I originally thought that something was hitting something inside the motor. As I type this, I'm considering an electrical problem that completely drained the battery and maybe that's why it wouldn't turn over. I did have lights after so that wouldn't make much sense.

I got her home yesterday and I'm trying to figure out where to start. I'm pretty sure I did some major damage. I'll first check the battery to see if it's electrical (that would be a good problem!). Then I'll try to turn it over by hand. If that doesn't work, I'll pull the valve cover and have a look. I doubt I'd see anything from there though. If I don't see any obvious damage, what my next step? Pull the head off?

I've never tackled anything this big, but I've said that about everything I've done on the bike until this point. If necessary, I'll pull the head, then the bottom end off the bike and carry everything inside. I think the toughest part will be dealing with the exhaust bolts. I'll start hitting them with PB Blaster today!

Any thoughts on where to begin?
 
Enough with the negative vibes! Look for easy stuff first.... Pull the stator cover and inspect the rotor/starter clutch area -then look at contact point side in case advance mechanism self destructed
 
Unless the bike is heavily modified with pod filters and a chopped exahust it's seems doubtful that you were running lean to the point of trashing the engine.

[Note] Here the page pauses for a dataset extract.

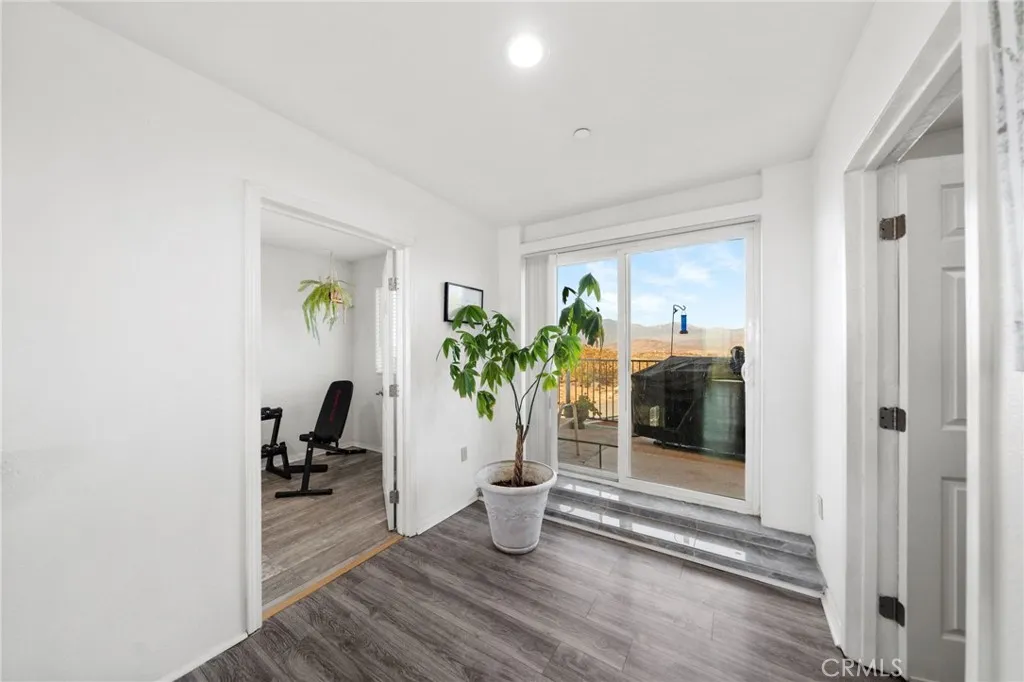 main property photo 62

Check for spark at the plugs and maybe perform a compression test if the spark is good. That should tell you something right away. The issue could be as simple as burned points.
 
My experience with lean running four strokes is the signs of a problem will usually show up on the spark plugs. Bleach white insulator is a pretty fair way to see if an engine is running lean (provided you have some miles on the plugs). However if you see specs of grey on the insulator its usually a sign that its been running really lean and pieces of piston have started coming off. Then it gets to the real serious stuff like melted electrodes, ground straps, and broken insulator... Usually if they get there you may have a real issue... however, even then Ive seen nitrous cars that have been ran hard with all of that and the engine works fine after a plug change (I know, nitrous is a little different scenario but...).
So pull the plugs and see what you find. Maybe post up some pics of the plugs? Most of us love to haw and hem over pics of engine parts and give our opinions. lol
 
As Chris Sorbi about his 850 pistons. Holes the size of a dime melted in each one, all caused by lean running from an air leak.
 
Thanks for the encouragement. I'm hoping for the best, but preparing for the worst. Regardless, she will ride again.

Bike has stock 4 into 2 exhaust with K&N pods and 110 mains installed by the PO. Because it was freezing, most of the ride was second gear at 4 or 5k rpms. I've certainly worked it much harder in the past 2 weeks, including two 100+ mile trips.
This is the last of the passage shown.